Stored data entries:
-*-*-

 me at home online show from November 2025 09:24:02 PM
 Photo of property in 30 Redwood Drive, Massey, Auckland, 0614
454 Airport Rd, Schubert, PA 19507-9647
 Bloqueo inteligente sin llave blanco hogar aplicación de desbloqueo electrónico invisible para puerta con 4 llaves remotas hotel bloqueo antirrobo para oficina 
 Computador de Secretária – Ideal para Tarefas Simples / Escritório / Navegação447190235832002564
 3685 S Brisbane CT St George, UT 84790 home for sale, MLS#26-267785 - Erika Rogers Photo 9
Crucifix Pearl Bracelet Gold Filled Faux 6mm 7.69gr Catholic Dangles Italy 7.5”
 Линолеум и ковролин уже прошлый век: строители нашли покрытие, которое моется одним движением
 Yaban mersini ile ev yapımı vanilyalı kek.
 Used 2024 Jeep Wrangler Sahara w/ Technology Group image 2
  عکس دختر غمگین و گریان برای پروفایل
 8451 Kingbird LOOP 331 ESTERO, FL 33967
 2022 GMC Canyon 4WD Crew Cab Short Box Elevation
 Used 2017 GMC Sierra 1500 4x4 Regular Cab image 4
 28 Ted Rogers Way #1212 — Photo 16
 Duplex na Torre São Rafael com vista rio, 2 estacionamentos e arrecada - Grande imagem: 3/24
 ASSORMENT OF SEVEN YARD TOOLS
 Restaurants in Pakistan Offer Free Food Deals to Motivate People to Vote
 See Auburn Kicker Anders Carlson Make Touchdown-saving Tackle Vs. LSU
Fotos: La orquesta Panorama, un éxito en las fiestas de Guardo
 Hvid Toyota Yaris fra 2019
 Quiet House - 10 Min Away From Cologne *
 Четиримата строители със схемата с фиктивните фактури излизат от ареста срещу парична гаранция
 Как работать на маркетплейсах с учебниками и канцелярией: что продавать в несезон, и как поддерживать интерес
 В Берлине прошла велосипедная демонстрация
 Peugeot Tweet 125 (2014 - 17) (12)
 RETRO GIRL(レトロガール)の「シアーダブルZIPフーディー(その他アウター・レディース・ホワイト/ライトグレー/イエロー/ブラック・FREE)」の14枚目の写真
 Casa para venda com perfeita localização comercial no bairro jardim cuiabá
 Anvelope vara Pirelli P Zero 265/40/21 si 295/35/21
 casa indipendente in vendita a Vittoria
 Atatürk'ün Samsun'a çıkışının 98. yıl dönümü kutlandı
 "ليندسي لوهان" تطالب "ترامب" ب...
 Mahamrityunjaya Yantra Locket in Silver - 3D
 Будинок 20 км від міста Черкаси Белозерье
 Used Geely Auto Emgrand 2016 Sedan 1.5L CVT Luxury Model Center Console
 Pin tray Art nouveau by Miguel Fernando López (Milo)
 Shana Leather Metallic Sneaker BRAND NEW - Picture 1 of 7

-*-*-

▸ **Task prompt**
What is needed is a verbatim copy of the data, complete from first line to last.

▸ **Task result**
 me at home online show from November 2025 09:24:02 PM
 Photo of property in 30 Redwood Drive, Massey, Auckland, 0614
454 Airport Rd, Schubert, PA 19507-9647
 Bloqueo inteligente sin llave blanco hogar aplicación de desbloqueo electrónico invisible para puerta con 4 llaves remotas hotel bloqueo antirrobo para oficina 
 Computador de Secretária – Ideal para Tarefas Simples / Escritório / Navegação447190235832002564
 3685 S Brisbane CT St George, UT 84790 home for sale, MLS#26-267785 - Erika Rogers Photo 9
Crucifix Pearl Bracelet Gold Filled Faux 6mm 7.69gr Catholic Dangles Italy 7.5”
 Линолеум и ковролин уже прошлый век: строители нашли покрытие, которое моется одним движением
 Yaban mersini ile ev yapımı vanilyalı kek.
 Used 2024 Jeep Wrangler Sahara w/ Technology Group image 2
  عکس دختر غمگین و گریان برای پروفایل
 8451 Kingbird LOOP 331 ESTERO, FL 33967
 2022 GMC Canyon 4WD Crew Cab Short Box Elevation
 Used 2017 GMC Sierra 1500 4x4 Regular Cab image 4
 28 Ted Rogers Way #1212 — Photo 16
 Duplex na Torre São Rafael com vista rio, 2 estacionamentos e arrecada - Grande imagem: 3/24
 ASSORMENT OF SEVEN YARD TOOLS
 Restaurants in Pakistan Offer Free Food Deals to Motivate People to Vote
 See Auburn Kicker Anders Carlson Make Touchdown-saving Tackle Vs. LSU
Fotos: La orquesta Panorama, un éxito en las fiestas de Guardo
 Hvid Toyota Yaris fra 2019
 Quiet House - 10 Min Away From Cologne *
 Четиримата строители със схемата с фиктивните фактури излизат от ареста срещу парична гаранция
 Как работать на маркетплейсах с учебниками и канцелярией: что продавать в несезон, и как поддерживать интерес
 В Берлине прошла велосипедная демонстрация
 Peugeot Tweet 125 (2014 - 17) (12)
 RETRO GIRL(レトロガール)の「シアーダブルZIPフーディー(その他アウター・レディース・ホワイト/ライトグレー/イエロー/ブラック・FREE)」の14枚目の写真
 Casa para venda com perfeita localização comercial no bairro jardim cuiabá
 Anvelope vara Pirelli P Zero 265/40/21 si 295/35/21
 casa indipendente in vendita a Vittoria
 Atatürk'ün Samsun'a çıkışının 98. yıl dönümü kutlandı
 "ليندسي لوهان" تطالب "ترامب" ب...
 Mahamrityunjaya Yantra Locket in Silver - 3D
 Будинок 20 км від міста Черкаси Белозерье
 Used Geely Auto Emgrand 2016 Sedan 1.5L CVT Luxury Model Center Console
 Pin tray Art nouveau by Miguel Fernando López (Milo)
 Shana Leather Metallic Sneaker BRAND NEW - Picture 1 of 7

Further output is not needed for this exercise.